Underwater robot sheds new light on Antarctic sea ice


Scientists from the UK, USA and Australia have developed the first high-resolution 3D maps of Antarctic sea ice using an underwater robot. The technology provides accurate ice-thickness measurements from areas that were previously too difficult to access.

Deploying the Autonomous Underwater Vehicle, called SeaBED, in Antarctica
Deploying the Autonomous Underwater Vehicle, called SeaBED, in Antarctica
Credit: Woods Hole Oceanographic Institution

The research results, published in the journal Nature Geoscience, will help scientists better understand dramatic sea ice changes predicted under various climate change scenarios.

Scientists currently use a range of techniques to measure sea ice thickness. Satellite observations measure large-scale thickness from space, but interpreting data accurately can be difficult due to snow cover. Measurements made on sea ice by drilling holes, together with visual observations from ships, are critical for building a more complete picture.

However, difficulties in getting access to thicker areas of sea ice leaves gaps in the data. With the new Autonomous Underwater Vehicle (AUV) known as SeaBED, scientists are filling this gap.

While most oceanographic survey instruments look downwards to the seafloor, SeaBED is fitted with an upward-looking sonar to map the underside of sea-ice floes. It operates at a depth of 20–30 metres and is driven in a ‘lawnmower’ pattern.

‘Putting an AUV together to map the underside of sea ice is challenging from a software, navigation and acoustic communications standpoint,’ says Hanumant Singh, an engineering scientist at the Woods Hole Oceanographic Institution (WHOI) whose lab designed, built and operated the AUV.

‘SeaBED’s maneuverability and stability made it ideal for this application where we were doing detailed floe-scale mapping and deploying, as well as recovering in close-packed ice conditions.’

Co-author, Dr Guy Williams from the University of Tasmania’s (UTAS’s) Institute of Marine and Antarctic, adds: ‘The full 3D topography of the underside of the ice provides a richness of new information about the structure of sea ice and the processes that created it.

‘This is key to advancing our models particularly in showing the differences between Arctic and Antarctic sea ice.’

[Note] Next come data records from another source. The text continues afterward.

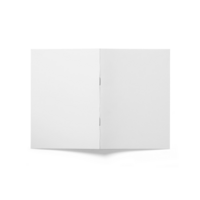 maquete em branco de brochura com três dobras a5 png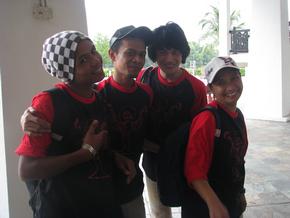 the team out for a fun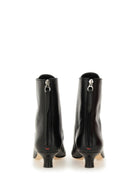 BLACK CALF LEATHER HIGH HEELS Aeyde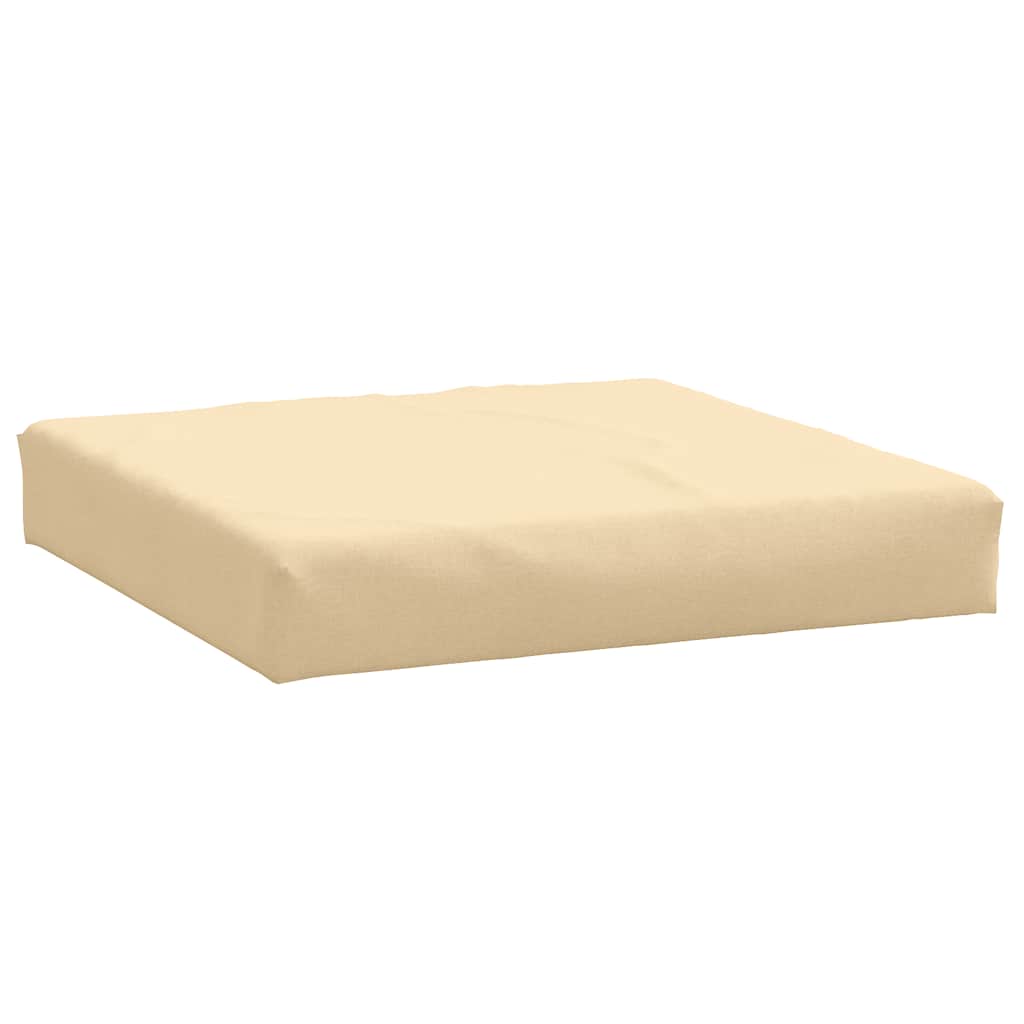 Cuscino per Pallet Beige Mélange 60x60x9,5 cm in Tessuto | homemem39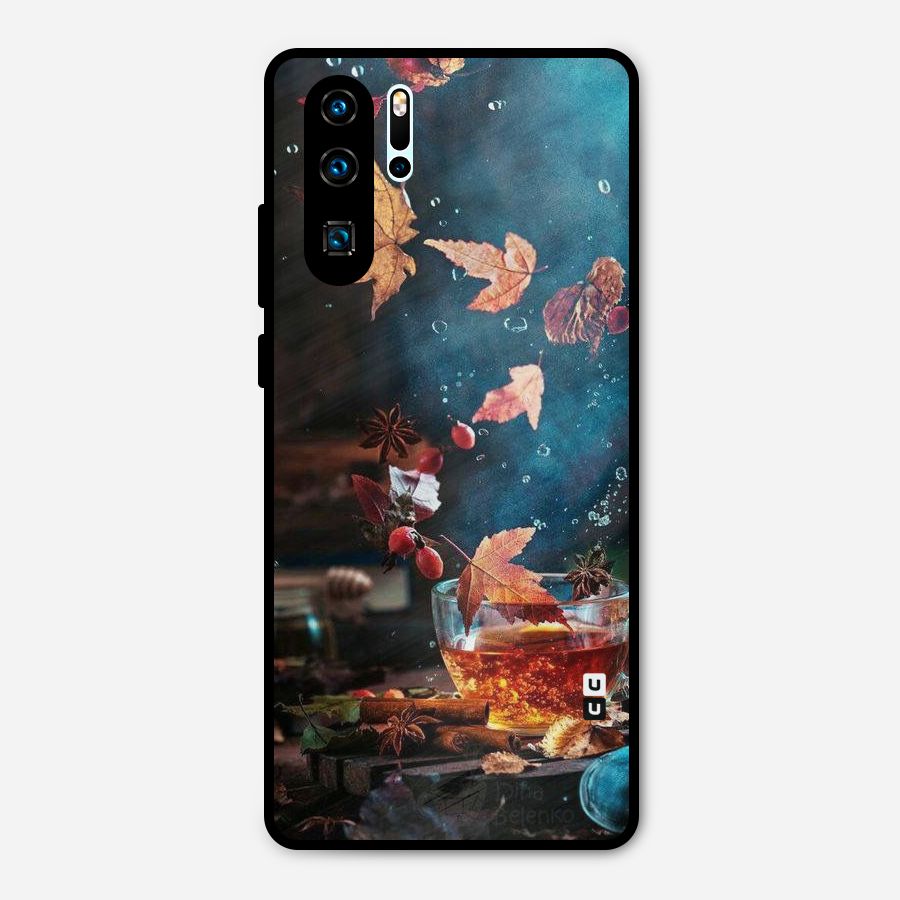 Falling Leaves Tea Metal Back Case for Huawei P30 Pro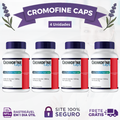 Cromofine Caps: Metabolismo Acelerado e Redução de Gordura - Cromo, Psyllium e Agar-agar - 60 Cápsulas 500mg Por Pote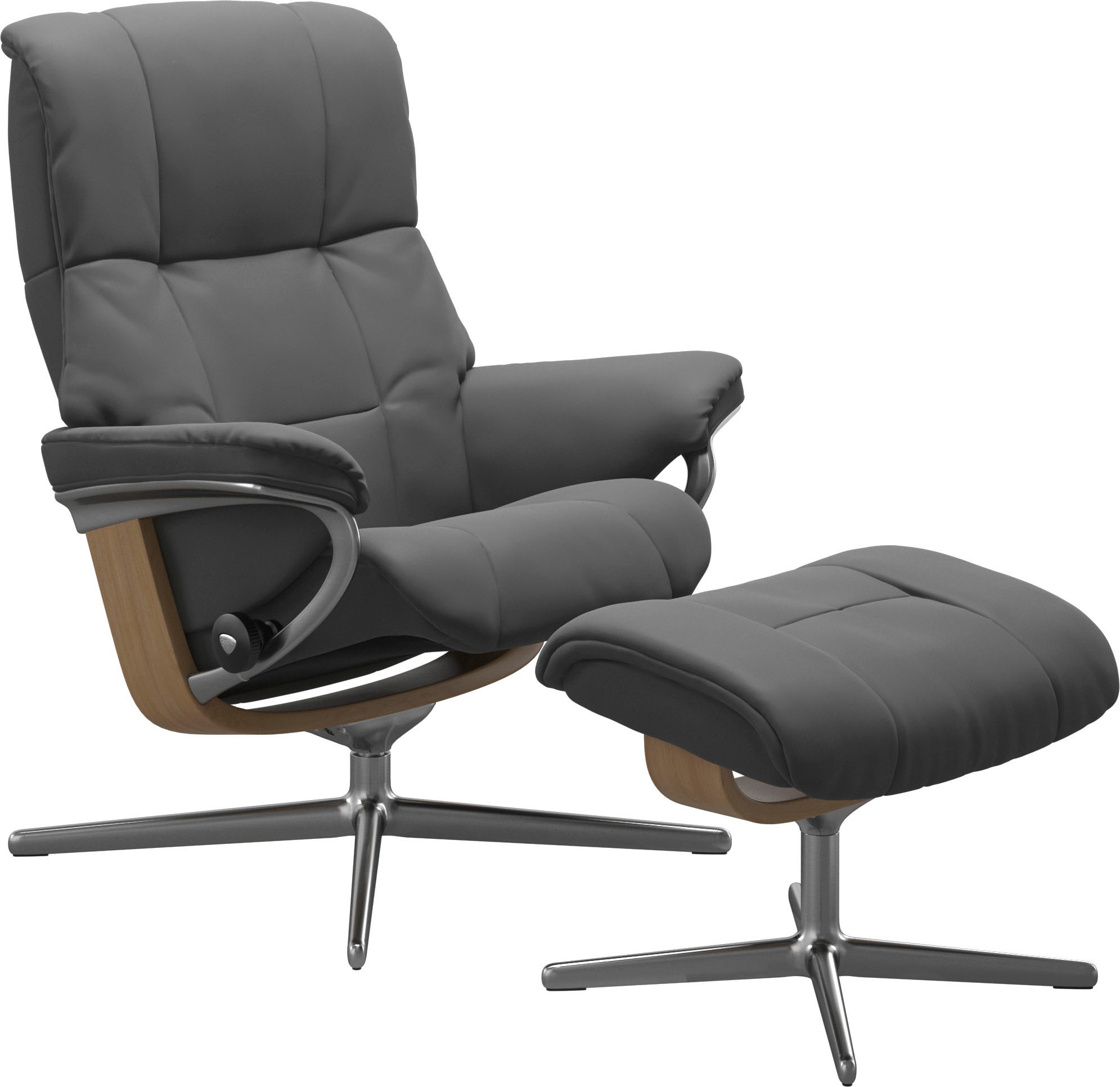 Stressless® Relaxsessel »Mayfair«, mit Cross Base, Größe S, M & L, Holzakzent Eiche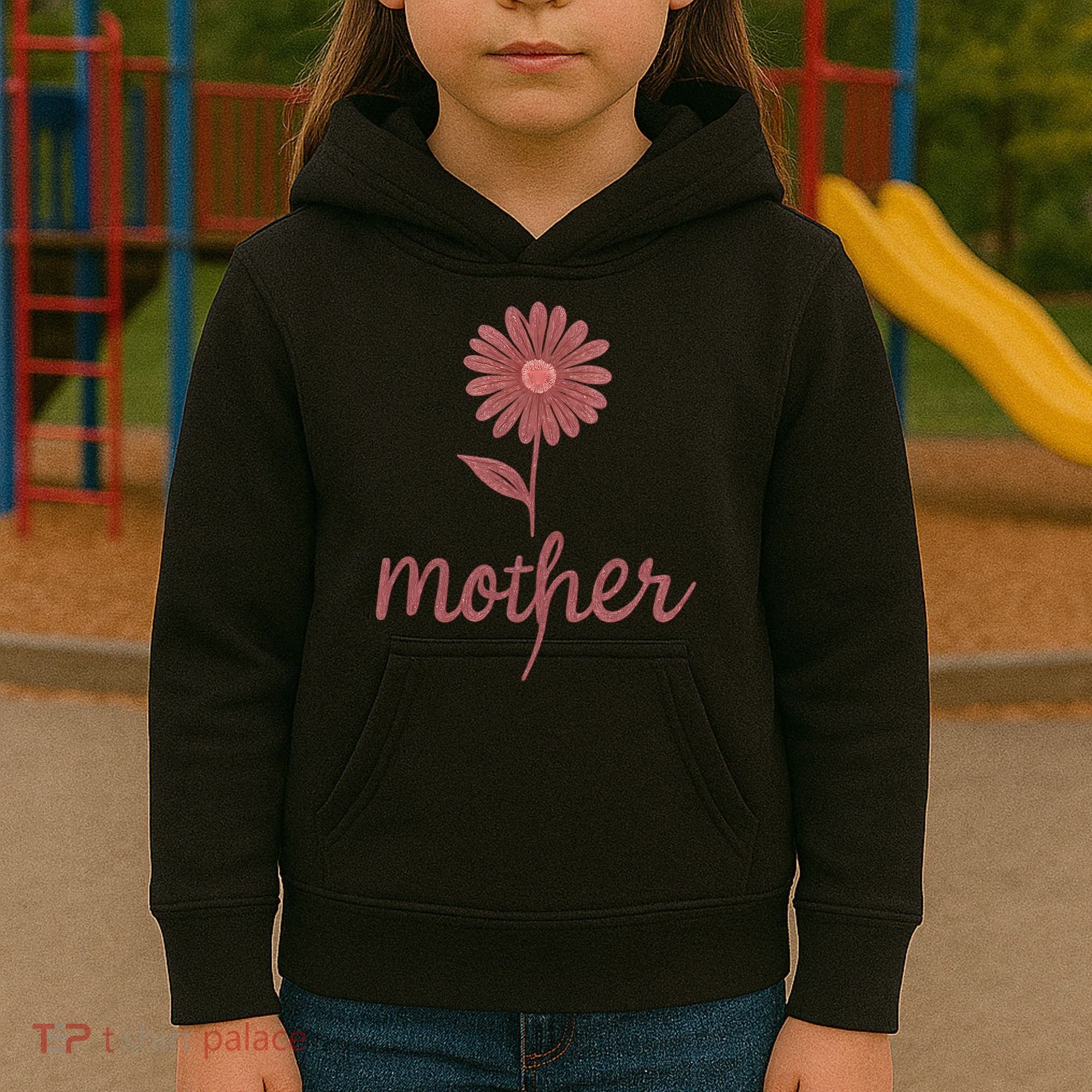 Mother Flower Art Kids Hoodie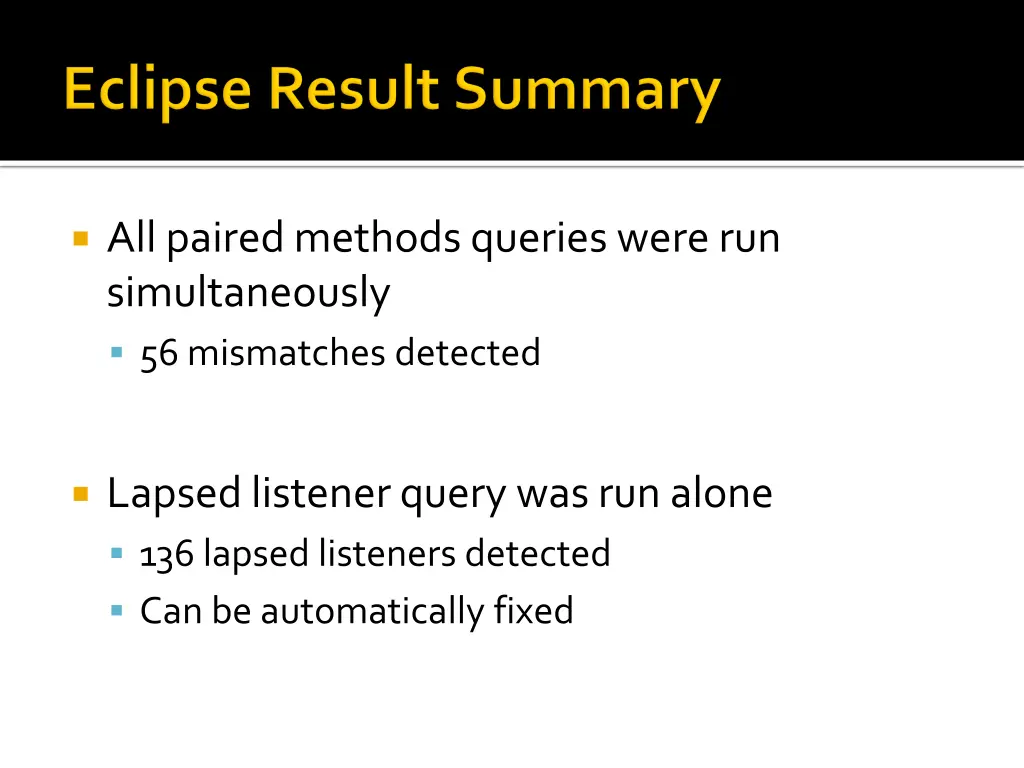 all paired methods queries were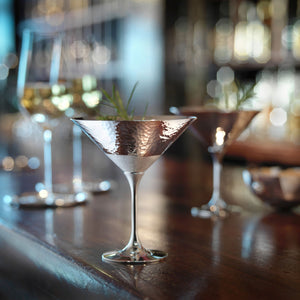 Martelé Cocktailsschale 90g versilbert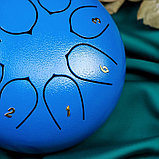 Музыкальный инструмент Глюкофон, синий, 8 лепестков, 15 х 9 см, фото 3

The team deployed AUVs as part of two Antarctic cruises in 2010 and 2012. Three locations around the Antarctic Peninsula were mapped – the Weddell, Bellingshausen and Wilkes Land sectors, covering an area of 500,000 square metres, the size of 100 football pitches.

‘What this effort does is show that observations from AUVs under the ice are possible and there is a very rich data set that you can get from them,’ says Ted Maksym, a WHOI scientist and another co-author.

The research was carried out by scientists from Australia’s UTAS Institute of Marine and Antarctic Studies and Antarctic Climate and Ecosystem Cooperative Research Centre; from the US Woods Hole Oceanographic Institution (USA); and from the British Antarctic Survey (UK).